Für 2018 prognostiziert Spectaris einen Umsatz der deutschen Medizintechnikindustrie von 32,1 Milliarden Euro, das wäre ein weiterer Anstieg um rund fünf Prozent.

Die von Spectaris repräsentierten 1260 Medizintechnik-Hersteller beschäftigen jeweils mindestens 20 Mitarbeiter, im BVMed seien auch kleinere Firmen vertreten. Die Zahl der Beschäftigten wird in diesem Jahr laut Kuhlmann um zwei Prozent auf rund 135.000 zulegen.

Der BVMed beziffert die Mitarbeiterzahlen der insgesamt 12.500 Anbieter der Branche inklusive Klein- und Kleinstunternehmen mit 210.000. Die Exportquote der Hersteller beträgt 64 Prozent. Die wichtigste Ausfuhrregion für die deutsche Medizintechnik ist die Europäische Union mit einem Anteil von 40 Prozent, sagte Kuhlmann. Ganz Europa macht 50 Prozent der Exporte aus, nach Nordamerika und Asien gehen jeweils 20 Prozent.

Regulierung setzt Branche unter Druck

Die Medizintechnik-Hersteller hätten seit Jahren große Mühe, der Politik klar zu machen, dass ihre Maßnahmen im Bereich der Gesundheits- und Wirtschaftspolitik direkten Einfluss auf die Wettbewerbs- und Innovationsfähigkeit der Branche haben, und damit auch auf die Arbeitsplätze, beklagte er.

Ein Problem sei die zunehmende Regulierung, gerade durch die novellierte EU-Medizinprodukteverordnung (Medical Device Regulation, MDR).
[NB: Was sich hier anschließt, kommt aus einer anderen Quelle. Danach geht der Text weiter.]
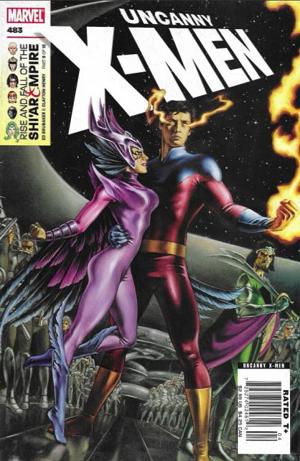 Uncanny X-Men #483  cover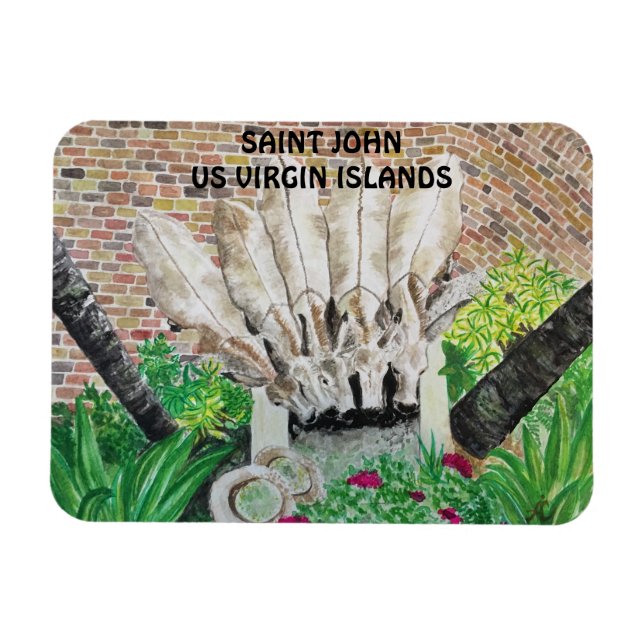 Flexible Magnet des ânes (Horizontal)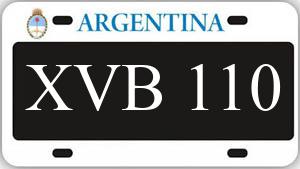 Patente XVB110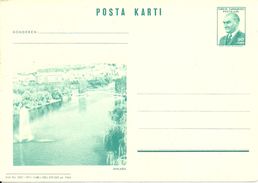 Turkey; 1965 Postal Stationery Isfila AN 202 - Interi Postali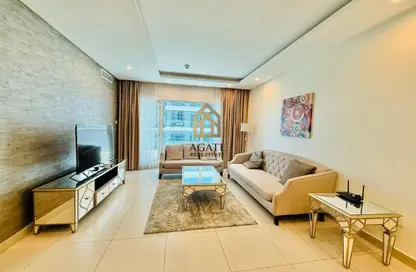 Apartment - 2 Bedrooms - 3 Bathrooms for rent in Amwaj Avenue - Amwaj Islands - Muharraq Governorate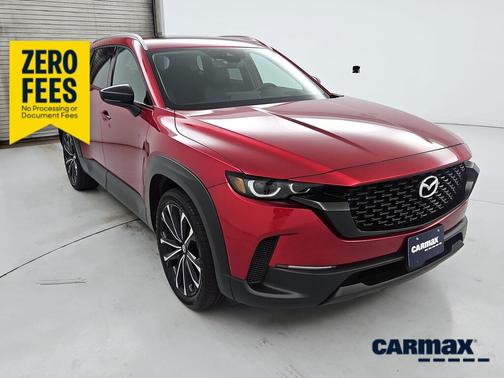 Red 2023 Mazda CX-50 2.5 S Premium Plus Package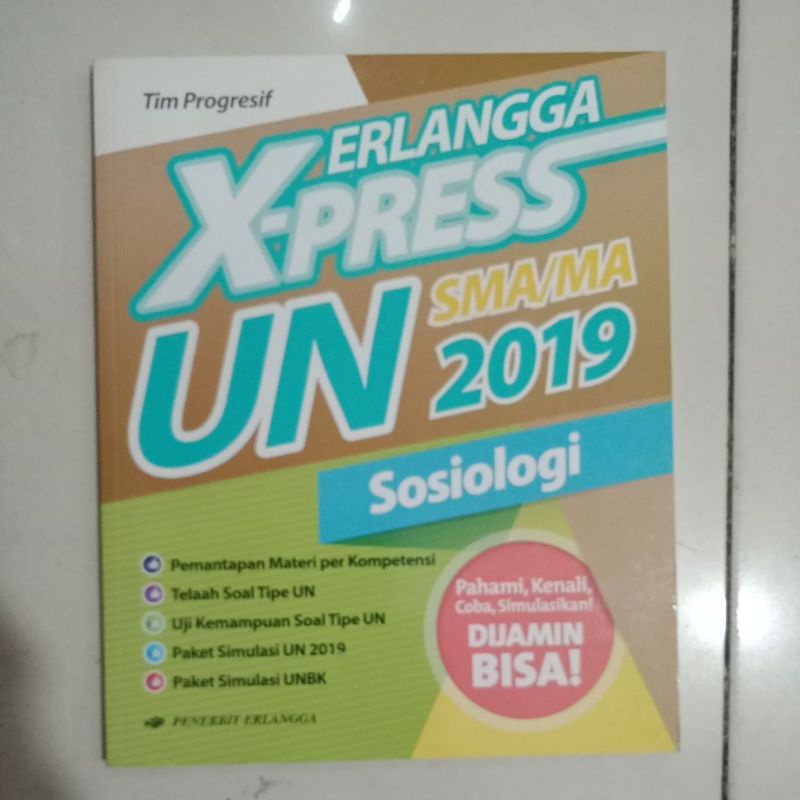 XPress UN Sosiologi SMA 2019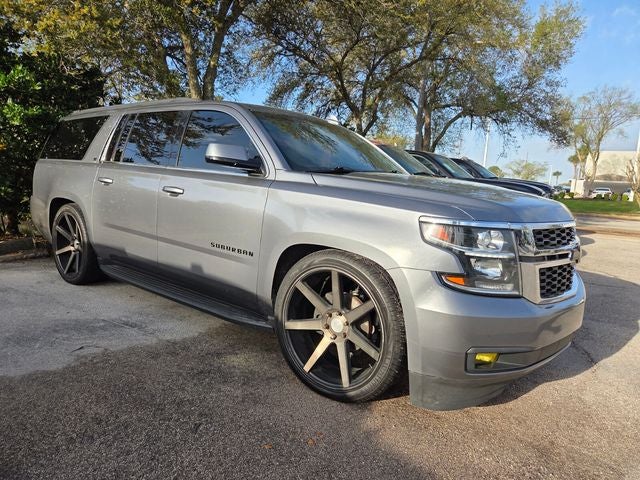 2019 Chevrolet Suburban LT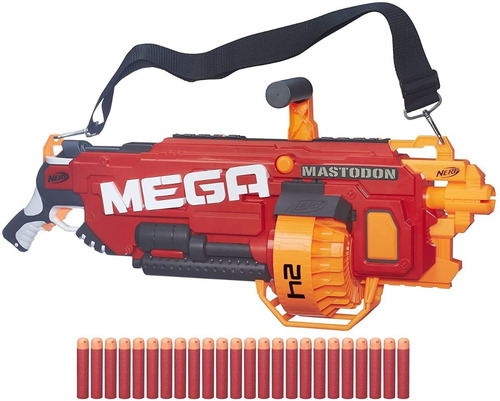 Nerf N-strike Mega Mastodon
Kuhlmann appellierte an die Politik, bei der Umsetzung Augenmaß walten zu lassen, beispielsweise bei den Übergangsfristen.

Die Unternehmen wollten sich nicht darum drücken, neue Sicherheitsanforderungen umzusetzen, betonte Hans-Peter Bursig, Geschäftsführer des Fachverbands Elektromedizinische Technik im Zentralverband Elektrotechnik und Elektronikindustrie (ZVEI), mit Blick auf die MDR. "Aber Produkte, die bereits dokumentiert und überprüft wurden, müssen jetzt noch einmal dokumentiert und geprüft werden", kritisierte er.
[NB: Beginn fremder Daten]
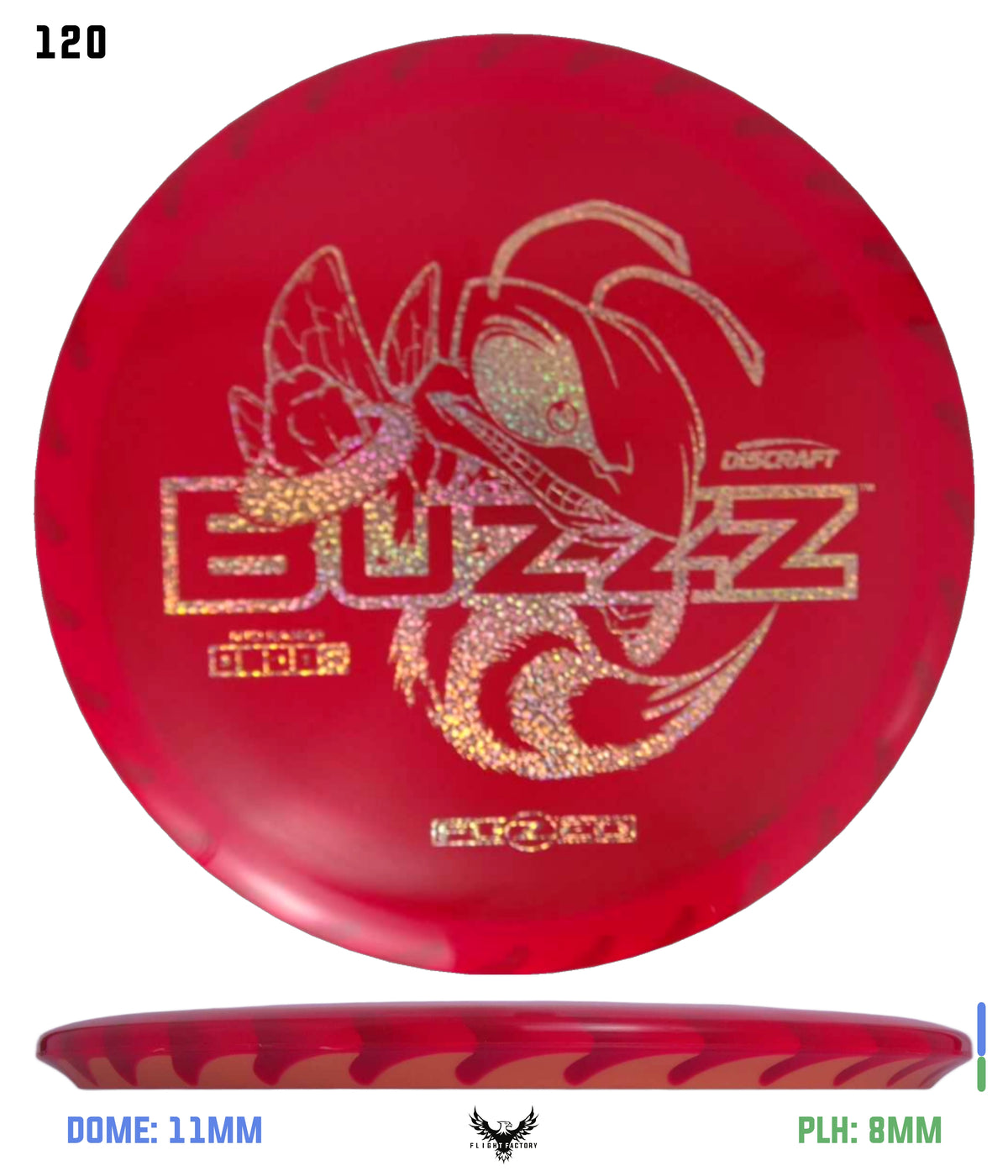 Discraft FuZed Buzzz - BuzzzSaw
Die den Unternehmen zugestandene Frist von drei Jahren für die Neu-Zulassung sämtlicher Produkte sei viel zu kurz. Hinzu komme die Tatsache, dass sich auch die Benannten Stellen neu akkreditieren müssten. Bis Mai 2020 sollten alle Produkte ihre Zertifikate haben, bis jetzt sei aber noch keine Prüfstelle akkreditiert, bemängelte Bursig.
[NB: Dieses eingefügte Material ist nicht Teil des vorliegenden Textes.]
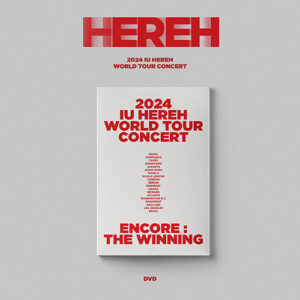 [Pre-Order] IU - HEREH 2024 WORLD TOUR CONCERT DVD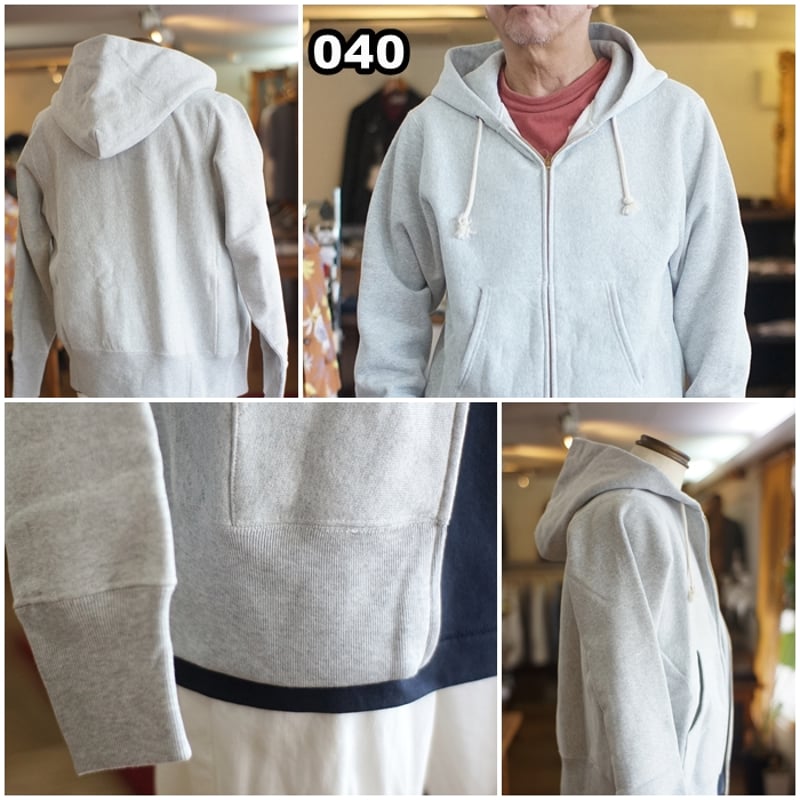 チャンピオン champion ジップスウェット パーカー c3-y134 リバース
"Die Medizinprodukteverordnung schießt über das Ziel hinaus", sagte auch Dr. Thomas Dietrich, Geschäftsführer des IVAM Fachverband für Mikrotechnik. Viele der mit ihr verbundenen Anforderungen seien gerade für kleine Unternehmen nicht umsetzbar.

Angesichts der neuen Dokumentationspflichten und Qualitätsanforderungen müssten sie eigentlich neues Personal einstellen. Viele Mitgliedsunternehmen wollten jetzt erst einmal vorsichtig sein und keine neuen Produkte auf den Markt bringen, berichtete Dietrich. "Das wäre eine Katastrophe für den Mittelstand."

Die Politik müsse auf die besonderen Herausforderungen der kleinen und mittelständischen Unternehmen reagieren, forderte er. "Wir müssen sehen, dass wir die Prozesse wesentlich überschaubarer und nachvollziehbarer machen."

Der IVAM und andere Verbände wollten die Probleme mit einer gemeinsamen Initiative in das Bewusstsein der Politik und der Entscheidungsgremien bringen. "An der MDR kann man nichts mehr verändern, aber bei der Durchführung kann man noch einiges optimieren", sagte Dietrich.